(一社)不動産協会は11日、パレスホテル東京(東京都千代田区)で第9回「不動産協会賞」の表彰式を開催した。
不動産業への理解やコンセンサスを得る機会として、社会的に紹介したい本を表彰しているもの。日本経済や国民生活に関する幅広いジャンルの著作から、今回は3作品を選定した。
今回の受賞作は、「熱海の奇跡 いかにして活気を取り戻したのか」(市来 広一郎著、(株)東洋経済新報社)、「マーケットでまちを変える 人が集まる公共空間のつくり方」(鈴木美央著、(株)学芸出版社)、「老いた家 衰えぬ街 住まいを終活する」(野澤千絵著、(株)講談社)。

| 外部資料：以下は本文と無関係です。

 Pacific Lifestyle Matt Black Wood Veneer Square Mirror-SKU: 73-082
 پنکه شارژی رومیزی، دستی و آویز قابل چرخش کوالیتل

選考委員座長の青山 佾(やすし)氏(明治大学公共政策大学院教授)は、「市来さんは熱海のまちづくり活動、鈴木さんはマーケットをご自身で手掛けられており、当事者目線での作品であったことが興味深かった。野澤さんの作品は、同じ問題を取り上げた別の作品と比較しても、データに基づいて丁寧に事例を説いている点で説得力が強く、評価した」などと選考のポイントを解説した。
同協会理事長の菰田正信氏は、「受賞作品は、地方創生、地域の活性化、空き家問題など現代の日本社会が直面する課題を取り上げており、時代の変化を反映する都市やまちづくりを推進する上で示唆に富んでいる。不動産業の役割やあり方を考える上で参考にしたい」などと話した。